Until the definitive shutdown in 2019, no operative nuclear event (INES level 1 or above) had occurred. Since 1995 one anomaly of INES 1 took place.

===Level 1 events===
====1998====
- During a routine check of the reactor protection system in June 1998, a technician opened a steam relief valve in error. The steam that escaped condensed within the torus and heated the water it contained. After 14 minutes the raised temperature within the torus triggered an emergency shutdown of the reactor. The opening of the incorrect valve and the delay before the control room staff reacted appropriately led the event to be classified as INES level 1 (Swiss scale level B).

===Significant events before 1995===
- In September 1986 a faulty filter in the reconditioning unit for low and middle-active waste leaked a small quantity of radioactive aerosol. As result the surrounding area now shows an anthropogenic average dose rate of 0.0051 mSv/y (status 2007). For comparison the corresponding Swiss legal limit for population exposure is 0.3 mSv/y and the natural dose in the Mühleberg region is 1 mSv/y.
- In July 1971, during systems tests prior to full commercial operation, some turbine oil ignited. The fire damaged the turbine's housing, including cables connected to safety systems. Sufficient safety system connections remained to allow the reactor to be shut down. The nuclear part of the plant was not affected, but the power generation systems needed extensive repairs. The incident caused the start of commercial operation to be delayed.

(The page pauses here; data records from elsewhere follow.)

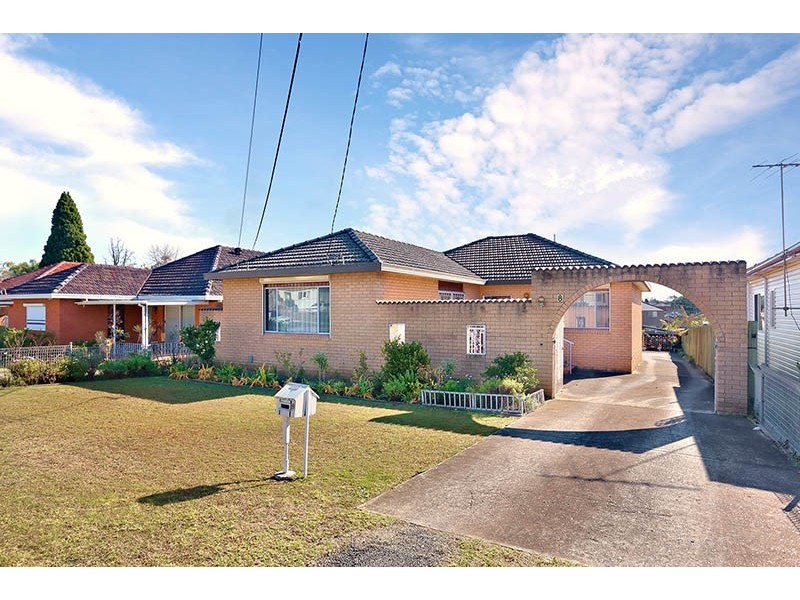 8 Richardson Street, Fairfield NSW 2165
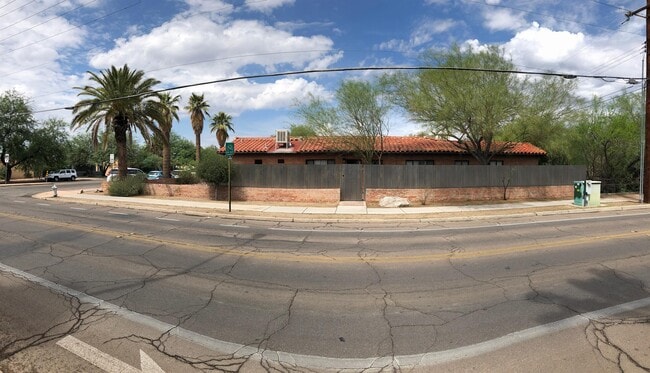 Primary Photo - 1343 E 9th St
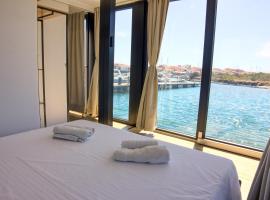 HOUSEBOAT Blue Lagoon Stintino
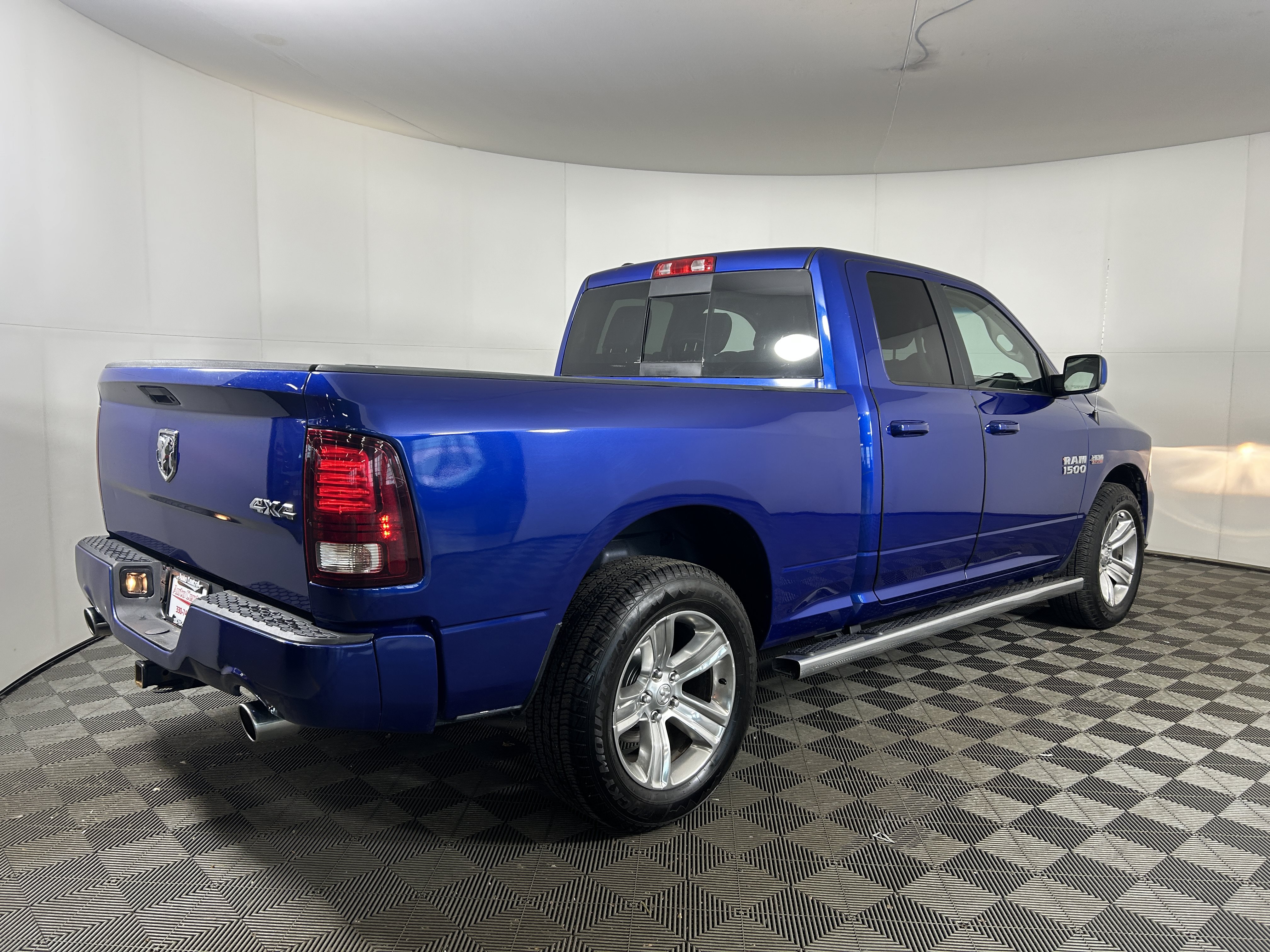 Used 2017 RAM 1500 Sport w/ Sport Premium Group AWD/4WD image 5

===March 2012: court order to scrap the reactor===
After the request by an anti-nuclear group the Federal Administrative Court of Switzerland ruled in March 2012 that BKW FMB Energy should shut down the reactor by mid-2013. In its rulings the court cited the incomplete repair of cracks in the structures inside the reactor. Besides this the verdict mentioned the safety concerns related to the plant's earthquake resistance. The Swiss NPPs - Mühleberg included - are judged to be safe in earthquakes by the ENSI and the European Nuclear Security Regulators Group (ENSREG). The decision was to take effect if safe operation could not be demonstrated until mid-2013.